Cronobacter sakazakii is a pathogen found naturally in the environment that can enter manufacturing facilities and home environments on hands, shoes, and other contaminated surfaces.
Cronobacter sakazakii is especially good at surviving in dry foods, like powdered infant formula, powdered milk, herbal teas, and starches. For most people it is harmless, but it can be life threatening for infants younger than two months, infants who are born prematurely, and for infants who have weakened immune systems.
Overview of recent Cronobacter sakazakii illnesses and contamination of powdered infant formula
Between September 2021 and February 2022, the U.S. Food and Drug Administration (FDA) received complaints about four cases of illness or death in infants who consumed powdered infant formula. After learning that each of these infants consumed powdered infant formula products manufactured by Abbott Nutrition in Sturgis, Michigan, the FDA initiated an onsite inspection at the facility and commenced an investigation that revealed insanitary conditions, including the presence of five different strains of Cronobacter sakazakii within the facility. However, those samples did not genetically match the available clinical isolates from the two case-patients for whom whole genome sequencing (WGS) results were available or any other clinical isolates in the limited number of Cronobacter sakazakii isolates in the National Center for Biotechnology Informatics (NCBI) database. And the two case-patients’ isolates didn’t match each other. While the FDA was unable to determine whether the infants became sick from the firm’s product or contamination by other means, these findings raised serious concerns about the safety of the powdered infant formula and other products produced at this facility. On Feb. 17, 2022, the FDA warned consumers not to use certain products manufactured at this facility. That same day, Abbott Nutrition issued a voluntary recall of certain infant formula products manufactured in Sturgis, Michigan, and temporarily ceased production to safeguard public health while corrective actions were taken.
Typically, the Centers for Disease Control and Prevention (CDC) receives 2-4 reports of severe Cronobacter infections in infants annually from health departments across the country. Public health investigations primarily link these infections to formula contamination during preparation. Although during recent investigations the FDA was unable to determine whether the infants became sick from contaminated product or contamination by other means, the agency has identified opportunities to enhance the safety of powdered infant formula, which are reflected in the strategy outlined below.
Outline of FDA’s strategy to help prevent future illnesses linked to consumption of powdered infant formula
The outline below is intended to guide discussions during further development of FDA’s strategy to prevent Cronobacter sakazakii illnesses associated with consumption of powdered infant formula. Stakeholder engagement and feedback is central to development and implementation of this strategy. Over the next several months the Agency intends to work with stakeholders to finalize this strategy. Following this engagement an updated strategy summary will be posted on FDA.gov.
Below is an outline of the FDA’s prevention strategy to help prevent Cronobacter sakazakii illnesses associated with consumption of powdered infant formula:
- Collaborate with stakeholders to better understand best practices in the manufacturing of powdered infant formula and what could be done to enhance safety.
- Strengthen regulatory activities and current systems for effective oversight of powdered infant formula, including:
- Consider whether to establish a dedicated cadre of investigators to conduct infant formula inspections.

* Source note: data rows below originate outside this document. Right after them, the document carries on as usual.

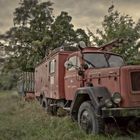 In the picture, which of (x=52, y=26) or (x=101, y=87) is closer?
(x=101, y=87)

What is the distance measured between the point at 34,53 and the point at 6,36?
546cm

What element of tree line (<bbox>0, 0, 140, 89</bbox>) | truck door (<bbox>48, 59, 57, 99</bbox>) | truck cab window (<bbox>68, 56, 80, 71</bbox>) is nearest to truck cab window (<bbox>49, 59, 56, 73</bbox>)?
truck door (<bbox>48, 59, 57, 99</bbox>)

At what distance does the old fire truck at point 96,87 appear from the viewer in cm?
877

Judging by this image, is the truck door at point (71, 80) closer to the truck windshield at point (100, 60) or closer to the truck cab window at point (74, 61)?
the truck cab window at point (74, 61)

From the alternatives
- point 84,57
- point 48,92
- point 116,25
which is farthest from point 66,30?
point 84,57

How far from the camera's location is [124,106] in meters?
8.80

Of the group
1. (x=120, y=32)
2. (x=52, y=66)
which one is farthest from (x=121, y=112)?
(x=120, y=32)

- Explore realigning staff across the Center for Food Safety and Applied Nutrition and the Office of Regulatory Affairs to better support regulatory oversight of infant formula.
- Review and update the Infant Formula Compliance Program, as needed, to reflect current science on Cronobacter, and ensure investigators and compliance officers are equipped with the tools and resources needed to enable a consistent and comprehensive approach to inspections of infant formula manufacturing facilities and compliance activities.

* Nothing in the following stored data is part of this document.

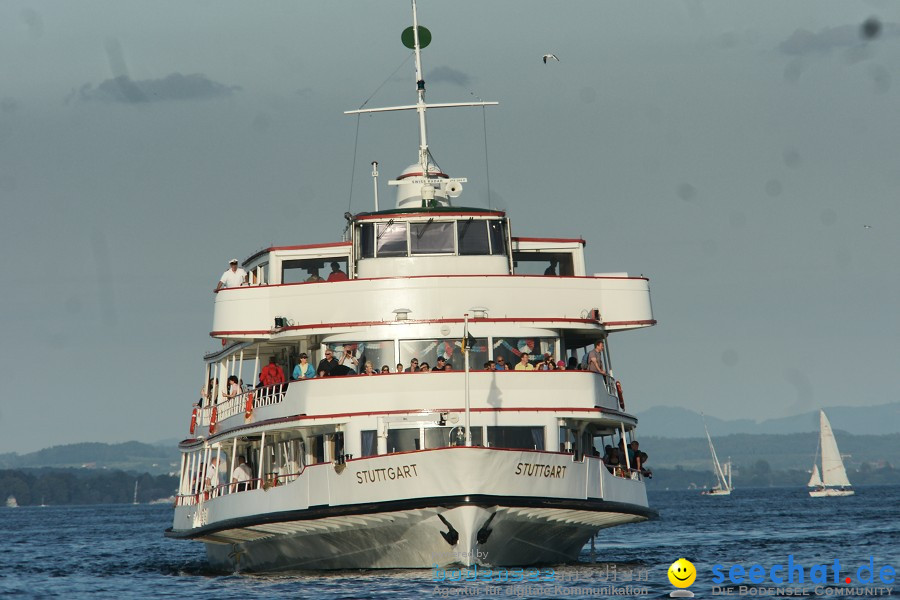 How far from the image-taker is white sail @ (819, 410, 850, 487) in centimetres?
17962

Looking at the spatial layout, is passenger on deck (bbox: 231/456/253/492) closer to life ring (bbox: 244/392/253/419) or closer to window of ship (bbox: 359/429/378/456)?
life ring (bbox: 244/392/253/419)

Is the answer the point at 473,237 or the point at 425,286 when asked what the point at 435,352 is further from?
the point at 473,237

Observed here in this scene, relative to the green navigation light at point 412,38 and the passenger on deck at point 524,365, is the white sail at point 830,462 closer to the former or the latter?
the green navigation light at point 412,38

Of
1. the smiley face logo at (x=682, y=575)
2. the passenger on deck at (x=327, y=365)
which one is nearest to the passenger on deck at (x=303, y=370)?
the passenger on deck at (x=327, y=365)

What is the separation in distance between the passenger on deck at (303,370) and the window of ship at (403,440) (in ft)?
8.18

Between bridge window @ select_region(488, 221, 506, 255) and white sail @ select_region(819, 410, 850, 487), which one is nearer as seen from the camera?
bridge window @ select_region(488, 221, 506, 255)

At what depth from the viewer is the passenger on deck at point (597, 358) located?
33656mm

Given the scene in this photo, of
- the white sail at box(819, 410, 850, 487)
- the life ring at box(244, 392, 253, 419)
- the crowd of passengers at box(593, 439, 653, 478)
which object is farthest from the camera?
the white sail at box(819, 410, 850, 487)

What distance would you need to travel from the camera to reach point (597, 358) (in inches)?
1337

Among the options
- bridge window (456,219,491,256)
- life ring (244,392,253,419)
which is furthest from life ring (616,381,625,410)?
life ring (244,392,253,419)

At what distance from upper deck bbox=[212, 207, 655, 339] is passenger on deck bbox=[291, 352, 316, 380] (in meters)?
0.65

- Provide additional education/training to FDA regulatory staff on inspecting powdered infant formula manufacturing facilities.
- Review and update current guidance and rules applicable to the production of powdered infant formula, as appropriate.
- Evaluate current testing requirements and determine whether improvements might be appropriate to enhance the safety of finished product.
- Continue developing and improving communications for consumers about safe formula preparation and storage.
- Work with federal, state and local partners to strengthen the ability of public health officials and firms to identify and investigate illnesses of Cronobacter spp. including increased genomic surveillance and supporting elevation of Cronobacter sakazakii infection among infants as a nationally notifiable disease.
- Conduct and support research to help fill knowledge gaps in the scientific understanding of Cronobacter. Such research will improve the public health community’s ability to help protect the health of powdered infant formula consumers and will drive improvements in industry practices that can enhance the safety of these products. For example, FDA will collaborate with the National Advisory Committee on Microbiological Criteria for Foods (NACMCF) to enhance our understanding of, and gain key insights and recommendations on, Cronobacter.
Through development and implementation of this strategy the FDA seeks to:
- Broaden scientific knowledge and understanding of Cronobacter sakazakii and public health interventions for controlling it.
- Improve oversight of safe production of powdered infant formula.
- Enhance communications and engagement with industry, consumers, federal, state, local, and other public health partners about infant formula safety.